Стонтон хорошо заплатил хозяйке, а она была слишком озабочена своими делами, чтобы интересоваться, почему незнакомцы разбили лагерь позади ее пустых амбаров.
Первые два дня они почти все время спали, и герцог дал хозяйке денег, чтобы она готовила и приносила им еду, а также покупала продукты не только для них, но и для своих детей.
На третий день все достаточно отдохнули, чтобы задуматься, что же делать дальше.
– Подождем здесь Эллиота, – предложил герцог, когда они расселись вокруг костра и приступили к простому, но очень сытному обеду, состоявшему из хрустящего хлеба со свежим сливочным маслом, тушеного мяса и тарта из сушеных яблок.
– Разве ему не пора появиться? – спросила Сесиль, передавая кастрюлю тем, кто хотел добавки.
Сент-Джон уже волновался, но последнее, чего ему хотелось, – это напугать остальных, поэтому солгал:
– Беспокоиться пока рано. У нас полно времени, чтобы добраться до Меца.
Хотя сам он не рассказывал Сесиль, зачем они едут в Мец, но предположил, что это сделала Марианна. Или же Гай, который задерживался возле фургона француженки, даже когда ей не требовалась его помощь. Все уже поняли, что его друг без ума от прекрасной женщины-стрелка, но близки ли они, Стонтон сказать не мог.
Что до него самого, он уже перестал надеяться, что Марианна к нему придет.
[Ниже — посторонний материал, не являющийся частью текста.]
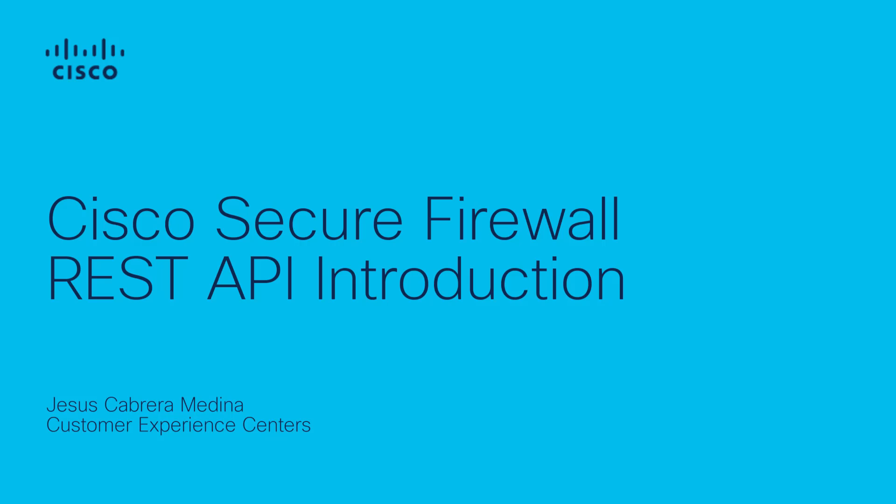Hi, my name is Jesus Cabrera from Solution Support Security Team. In this video, I want to give you an introduction on how to use REST API for Cisco Secure Firewall Devices, previously known as Firepower.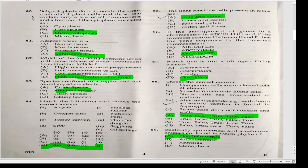Species confined to a region and not found anywhere else are called endemic species. Match the following and choose the correct answer — Answer D.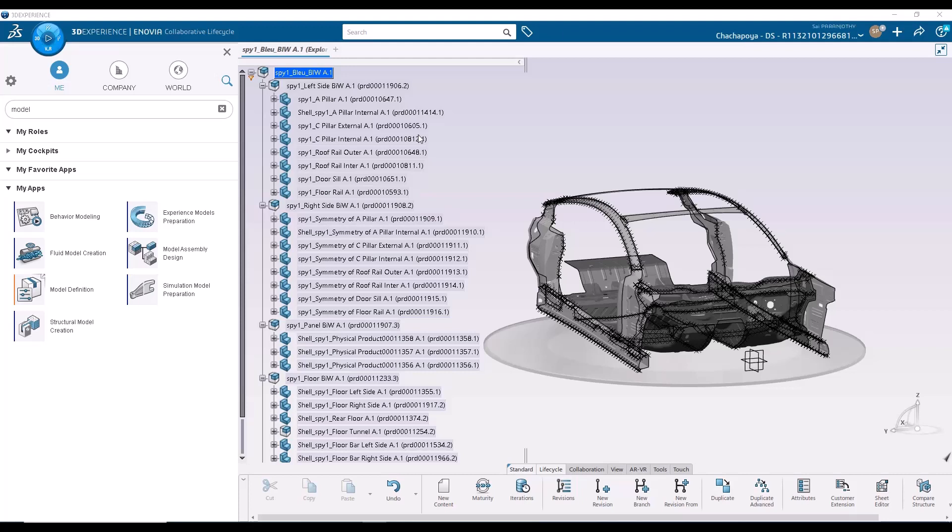Hello. The objective of this video is to demonstrate the batch meshing capabilities on the 3D Experience platform.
Он уговаривал себя, что это к лучшему, но ему не хватало убежденности, и с каждым днем он хотел ее все сильнее.
Право же, болван.
– Мы с Сесиль пойдем на речку, постираем кое-что.
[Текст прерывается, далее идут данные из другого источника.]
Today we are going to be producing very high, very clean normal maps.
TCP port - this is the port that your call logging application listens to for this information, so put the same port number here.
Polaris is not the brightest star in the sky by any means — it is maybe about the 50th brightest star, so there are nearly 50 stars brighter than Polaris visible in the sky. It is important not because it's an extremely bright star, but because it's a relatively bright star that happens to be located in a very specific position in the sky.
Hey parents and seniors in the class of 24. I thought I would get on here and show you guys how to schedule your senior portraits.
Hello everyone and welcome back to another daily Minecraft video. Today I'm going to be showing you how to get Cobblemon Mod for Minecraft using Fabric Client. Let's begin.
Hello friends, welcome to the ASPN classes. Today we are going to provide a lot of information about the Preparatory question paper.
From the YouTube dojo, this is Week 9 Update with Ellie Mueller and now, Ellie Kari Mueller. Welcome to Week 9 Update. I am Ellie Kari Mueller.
Он оторвался от сладострастных мыслей и обнаружил предмет своего вожделения прямо перед собой в одном из ее кошмарных платьев.
– Тебе надо что-нибудь постирать?
– Уверен, мы можем заплатить за стирку мадам Бланше.
– Наверное, но мне нужно чем-нибудь заняться.
Он вскинул брови:
– Ты хочешь сказать, что соскучилась по пробежкам с Доббином?
– Ну, я еще не настолько отчаялась. Мне просто хочется размяться.
Стонтон встал:
– У меня куча грязной одежды. Сейчас все принесу.
– Буду ждать тебя у речки.
Марианне отчаянно хотелось искупаться, но герцог принес грязные вещи к речке и остался там, а у нее не хватало духу попросить его уйти.
Она знала, что ради их общего блага должна оттолкнуть его, но если отказывает себе в телесных удовольствиях, то уж наверное заслужила хотя бы дружеское общение в обмен на воздержанность?
При этих мыслях она принялась энергично лупить по рубашке, которую стирала.
– Ты ее сейчас порвешь, – предупредила стиравшая рядом Сесиль. – Это ведь рубашка его светлости.
Сесиль начала обращаться к обоим мужчинам по их титулам несколько дней назад, и Марианна подозревала, что делает она это нарочно, напоминая не только самой себе, но и подруге, какая пропасть лежит между артистками цирка и этими аристократами.
Она знала, что француженка спала с Гаем те две ночи, когда сама она была с герцогом: об этом ей рассказала сама Сесиль, но та не слышала того короткого познавательного разговора между ближайшим другом герцога и Марианной.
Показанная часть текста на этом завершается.